Commodities Structuring

What exactly is the role of a commodities structurer? Presumably commodities are a pretty liquid product and most of the trading is cash. Do structurers hedge risk for clients' energy/power/metals exposure? Or what is the point of the structuring guys on a commodities desk? Presumably there is quite a bit of quantitative analysis and some pretty interesting stuff to do on these desks. I don't care about the money, or the hours, I just want to find something that is interesting to do.

20 Comments
 

The role of a Commodities Structurer is to provide Liquidity and Risk management for the raw materials underlying commodity contracts.

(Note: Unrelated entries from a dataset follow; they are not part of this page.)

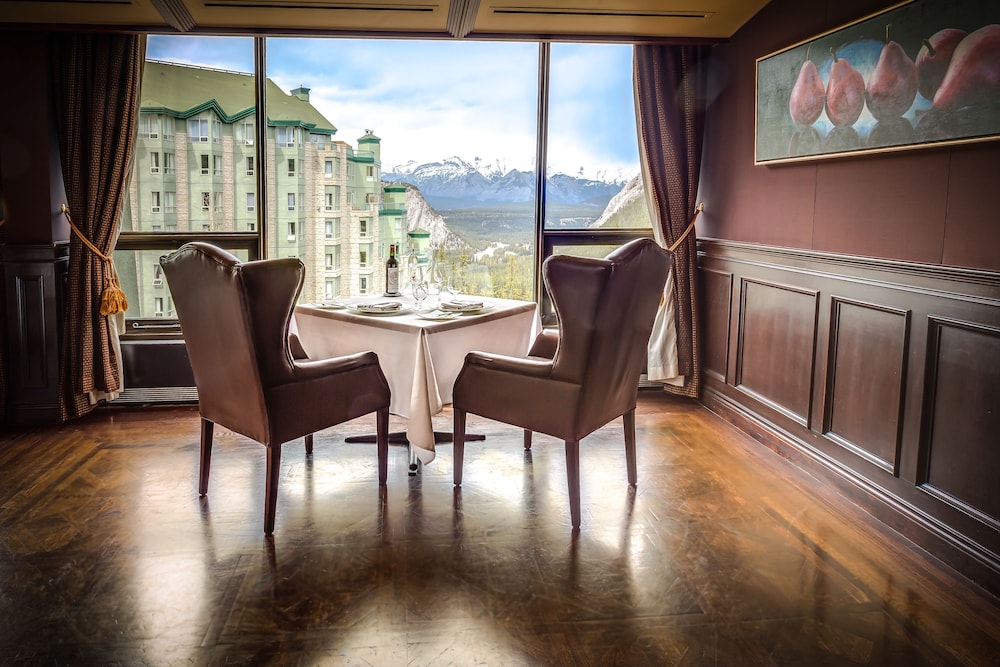 Couples Dining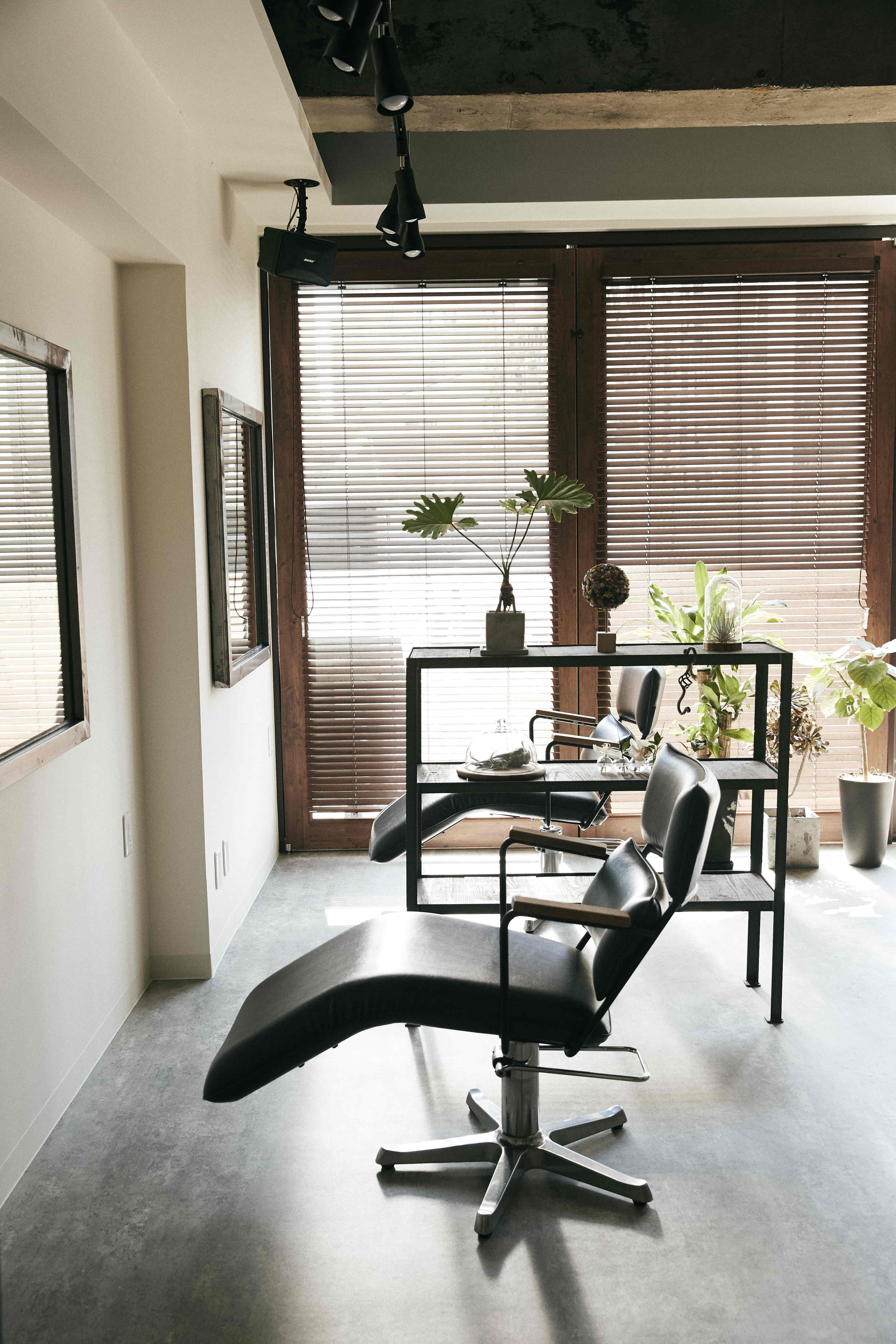 【北浦和】◆完全週休2日制・社会保険完備・18時最終受付・有給休暇あり◆高単価でお客様と関われるヘアケアに特化したサロンです！近い距離でじっくりお客様と関わりたい方は特にオススメ！「caru（カル）」からスタイリスト（美容師）の求人☆★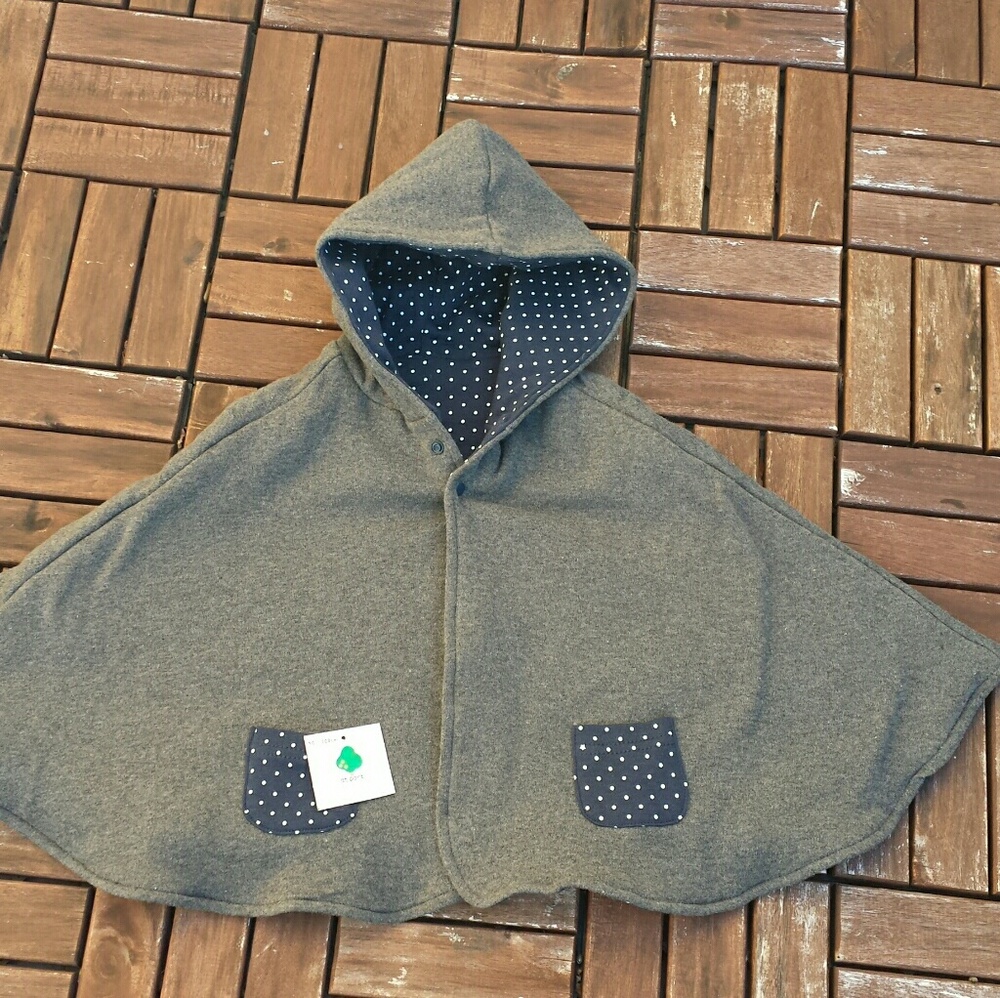 2T-4T reversible NEW poncho with hood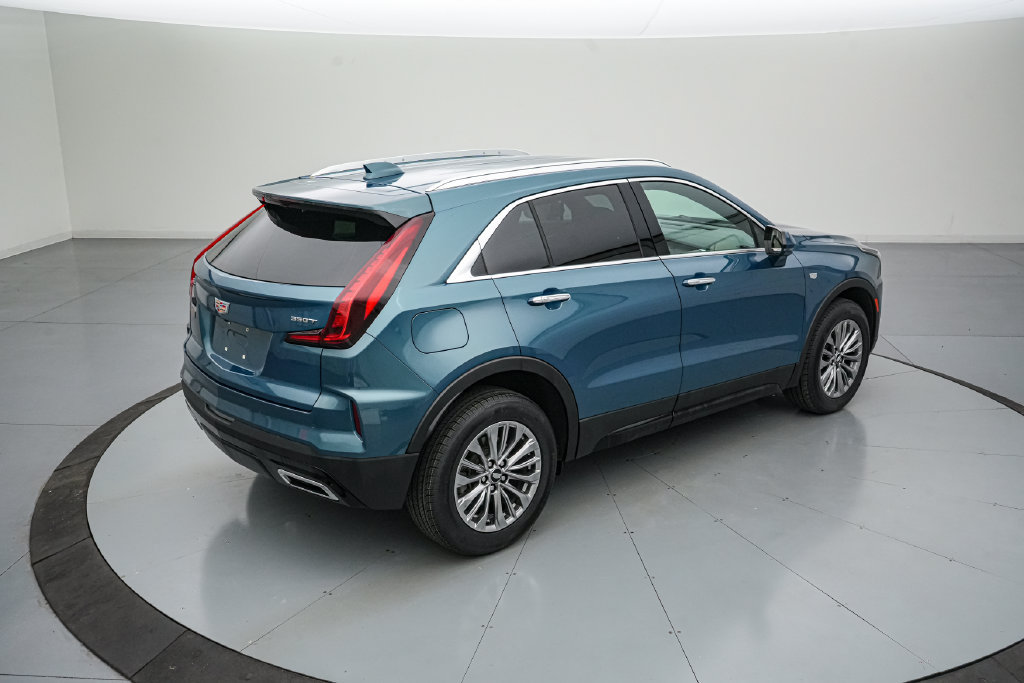 Used 2025 Cadillac XT4 Premium Luxury FWD image 4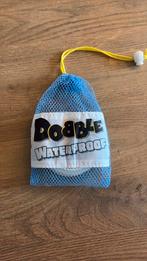 Dobble waterproof, Hobby en Vrije tijd, Gezelschapsspellen | Kaartspellen, Ophalen of Verzenden, Zo goed als nieuw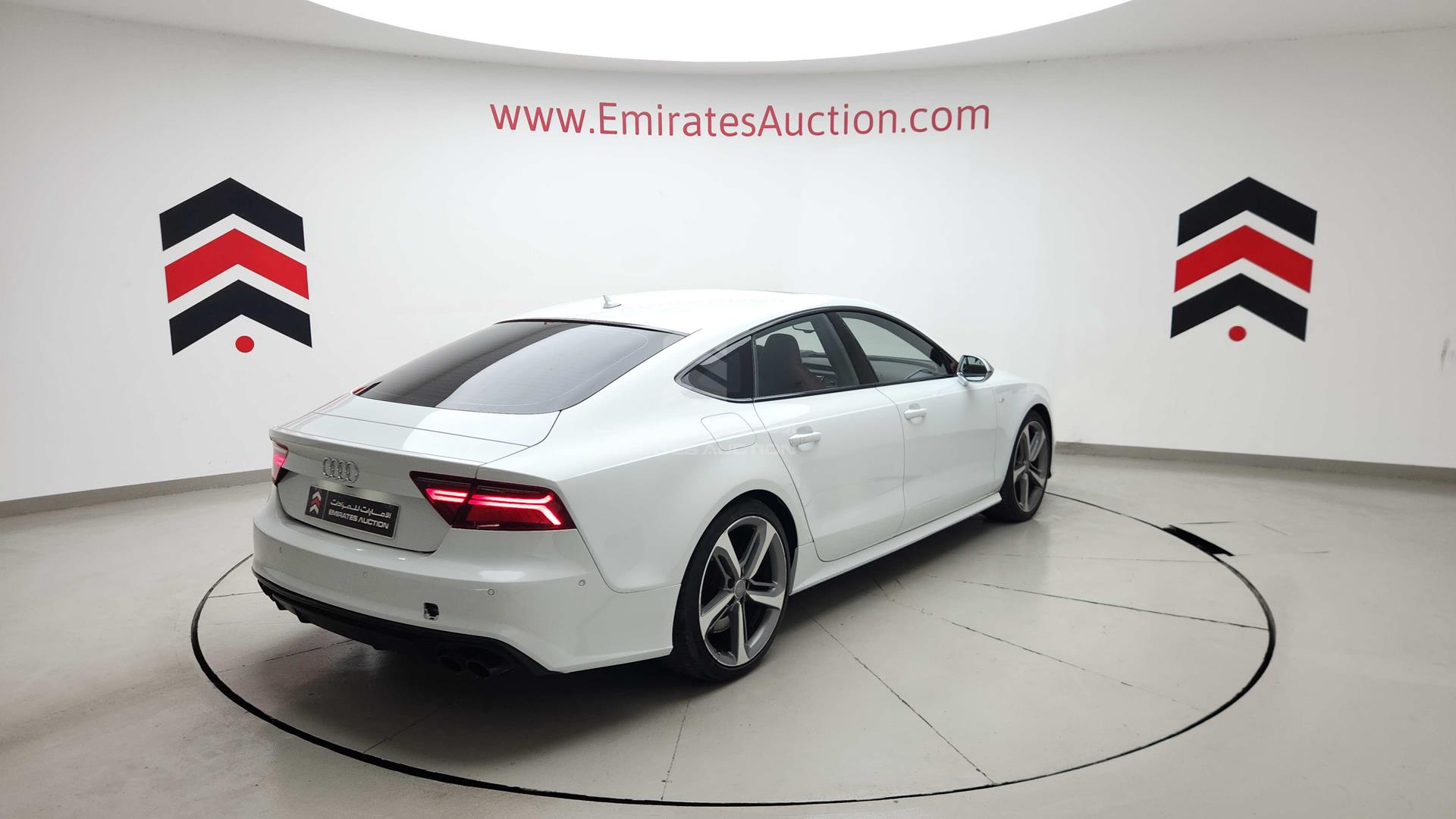 2016 AUDI S7 VIN: WAUS2DFC0GN134531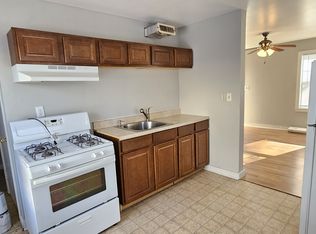 31 Rock Creek Rd #1, New Haven, CT 06515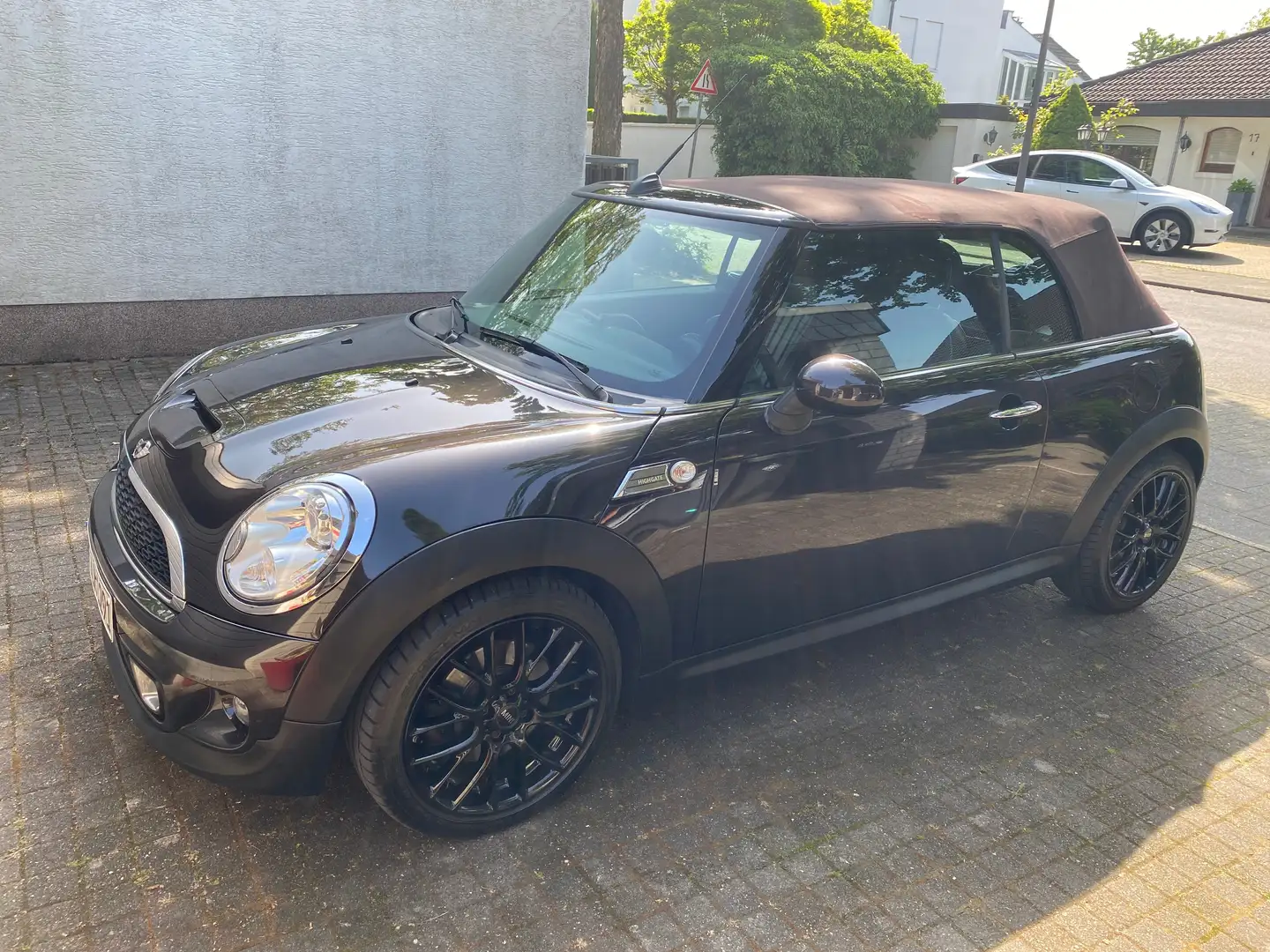 MINI Cooper S Cabrio Mini Cooper S Cabrio Highgate Braun - 1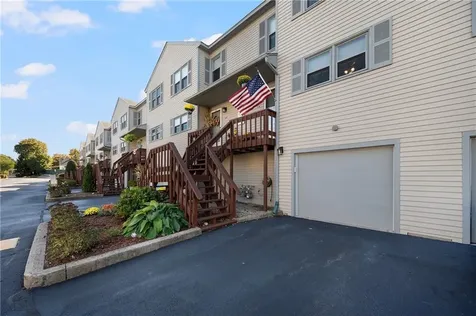 1603 Plainfield Pike Johnston RI 02919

Without a person to monitor and organize the flow of commodity contracts to and from producer to purchaser, there would be tremendous fluctuations in product availability and price; thus causing market volatility and disrupting commerce as we know it.

*In essence, someone working in (SFC) ensures that prices (based upon average production and consumption levels) remain within a certain range so that you never question why food is 1,000,000 x's more accessible to you than 80% of the world's population.

GateBreaker

 

Gatebreaker is speaking to something different....

commodity structurers will come up with new products, based on the underlying vanilla instruments, that serves the client's needs. so maybe something where the client gets paid provided the price of zinc remains in a range, or something like that.

 
Best Response

Contrary to the original post, commodities is NOT a pretty liquid product and most trading is NOT cash. At the large banks, probably 95% of all commodities trading is derivatives, and around half is structured in some way. There are 2 types of commodities structuring. The first type covers what Jimbo mentioned--creating new structured products for investors (CCOs, commodity-linked notes, dispersion options, basket options, etc.). The second type covers corporate structuring. The latter can get much more complex, as they create bespoke hedging solutions to fit a corporates specific needs. Most structuring in power falls under that area. These are also structured with regards to taxes, accounting issues, regulatory issues, etc. The corporate guys can do some really interesting things and tend to coordinate with IBD and PE a lot. At the top banks sales and structuring work hand in hand on a daily basis, as so much of the commodities world requires that.

 

corporate structuring in commodities sounds really interesting...are quant skills the main thing needed for juniors? Could entry level people be successful/helpful and learn everything with just say a BA in Math and basic finance knowledge (intro corp fin book and hull's book)? Or do they only have people with MBAs?

 

Thanks for the advice!

With regards to the Greeks, how much detail should I go into. I've started reading Hull's book in preparation, will that be enough?